• [Supplied records]
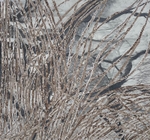 Bogland Strata 42, 57cm x 60cm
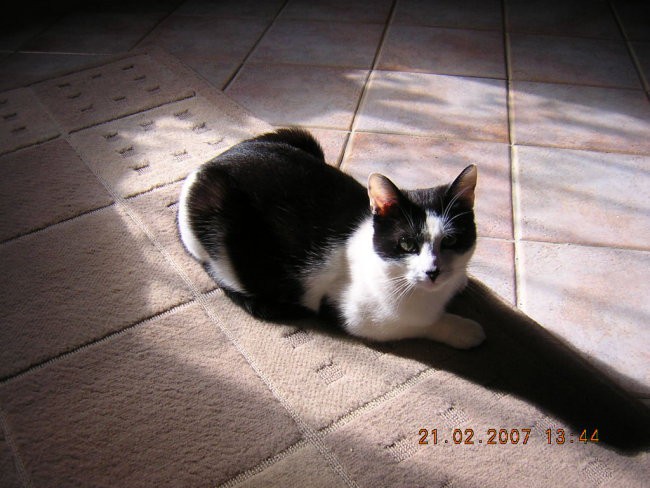 Muki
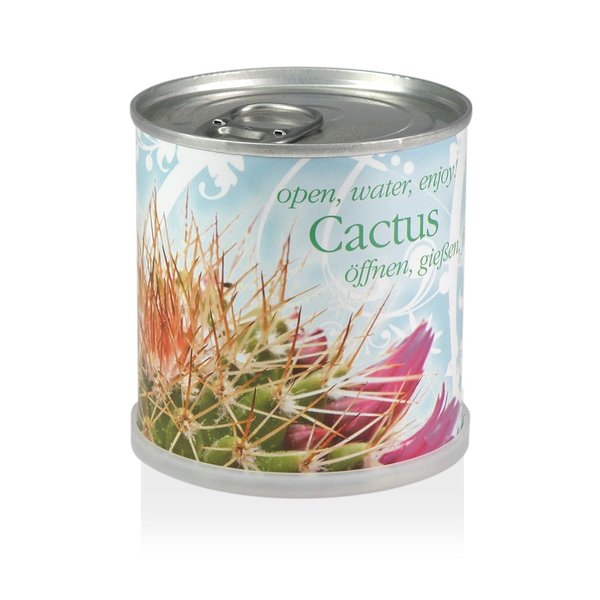 MacFlowers MacFlowers Small Growing Kit with Cactus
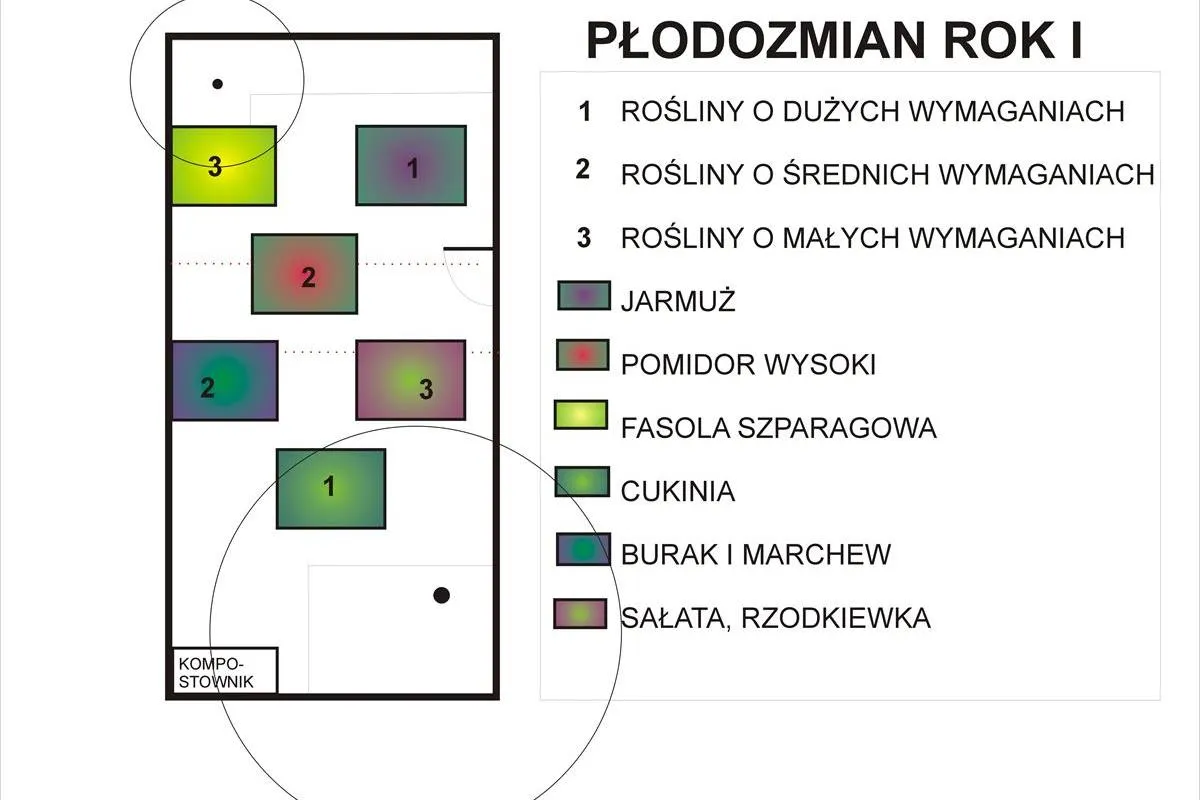 planowanie grządki fasola szparagowa płodozmian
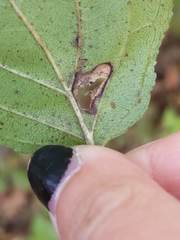 Stigmella rhamnicola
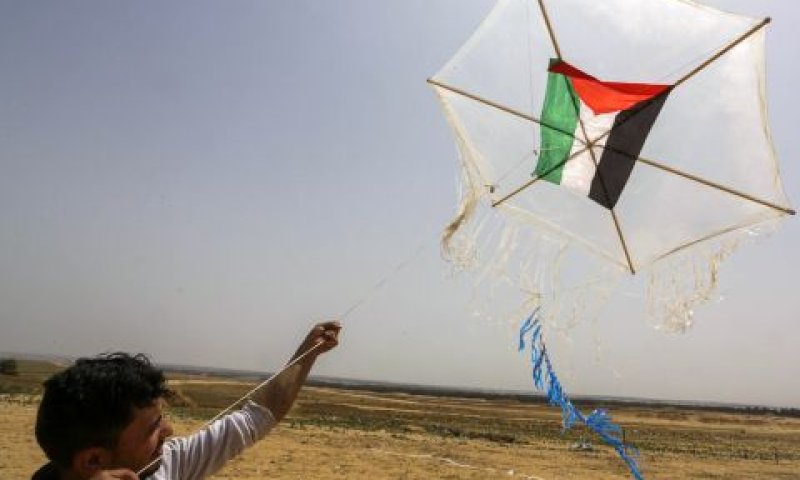 עפיפון תבערה מופרח לשטחנו [צילום: עבד רחים חטיב/פלאש 90]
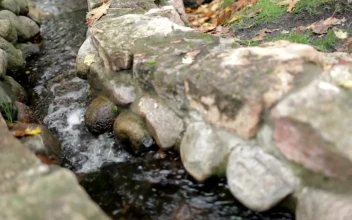 Free Video Stock tiny garden stream flowing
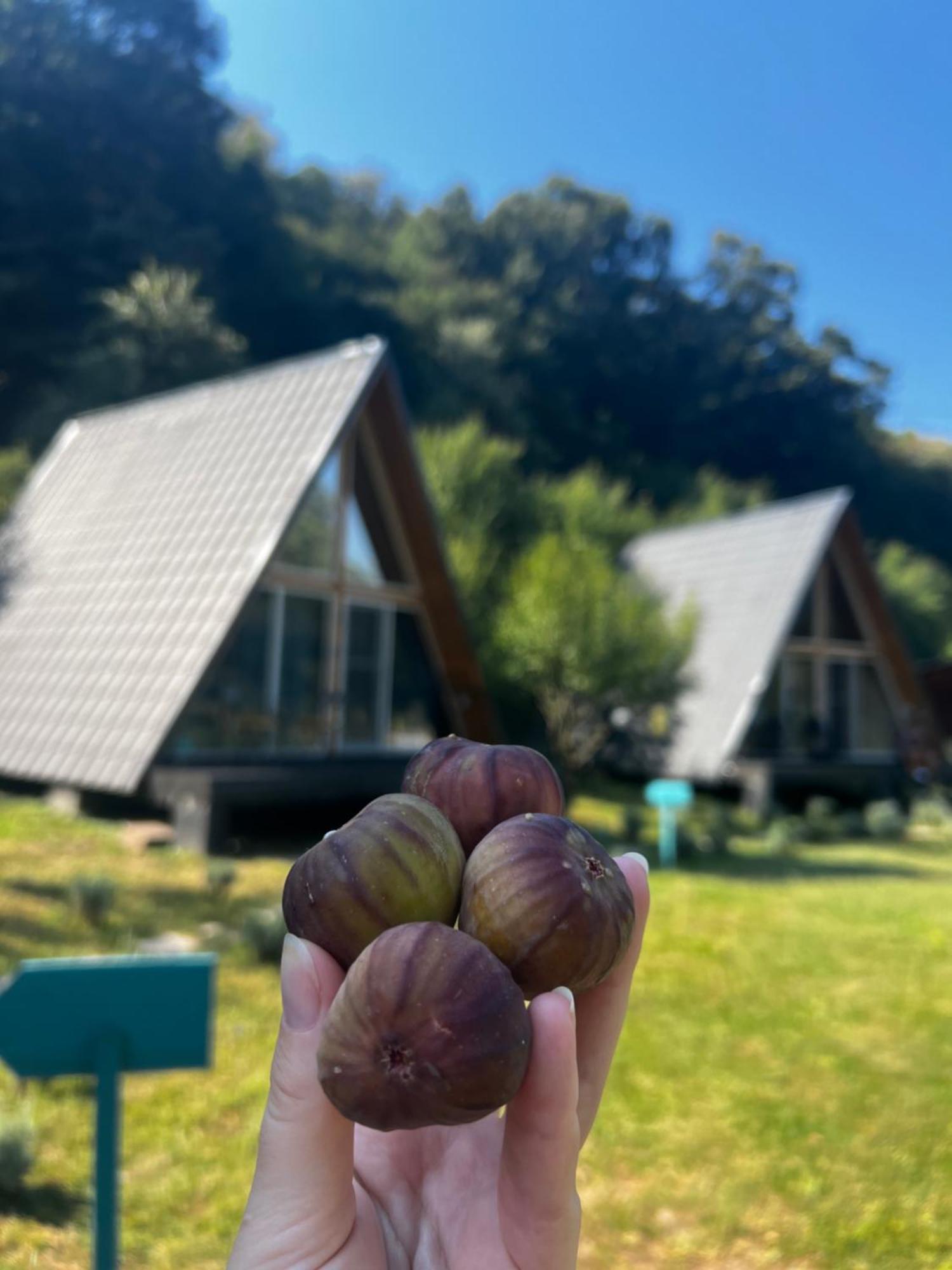 Cabane A-Frame Svinita Bagian luar foto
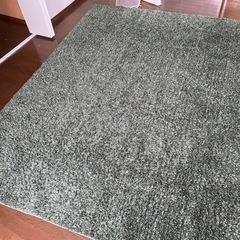 決定　ニトリ　絨毯　緑の画像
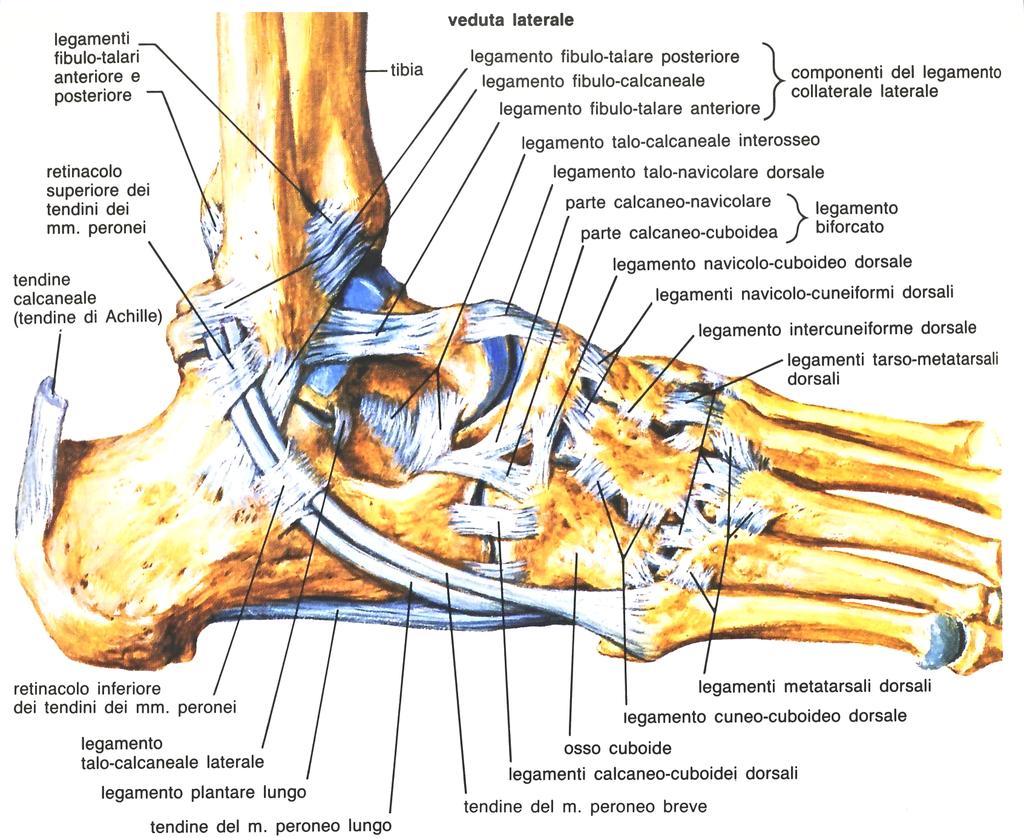 Figura 2.2: Veduta laterale di una caviglia destra I muscoli della gamba sono rivestiti dalla Fascia Crurale, fascia comune superficiale dell arto inferiore.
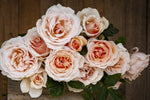 Shirley's Rose™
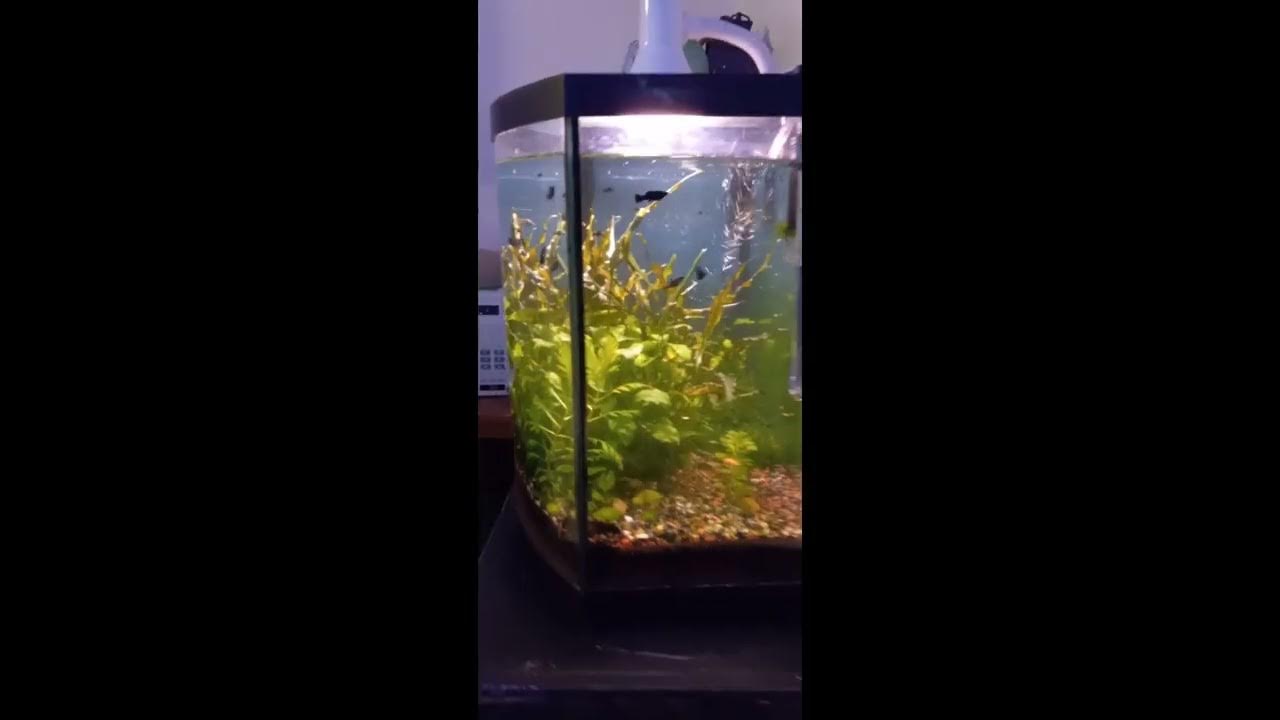 Yellow Lab + Snow White Mbuna Hybrid African Cichlid in Planted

• [Activity] Return all records exactly; no pictures.

• [Output for this exercise]
 Bogland Strata 42, 57cm x 60cm
 Muki
 MacFlowers MacFlowers Small Growing Kit with Cactus
 planowanie grządki fasola szparagowa płodozmian
 Stigmella rhamnicola
 עפיפון תבערה מופרח לשטחנו [צילום: עבד רחים חטיב/פלאש 90]
 Free Video Stock tiny garden stream flowing
 Cabane A-Frame Svinita Bagian luar foto
 決定　ニトリ　絨毯　緑の画像
 Figura 2.2: Veduta laterale di una caviglia destra I muscoli della gamba sono rivestiti dalla Fascia Crurale, fascia comune superficiale dell arto inferiore.
 Shirley's Rose™
 Yellow Lab + Snow White Mbuna Hybrid African Cichlid in Planted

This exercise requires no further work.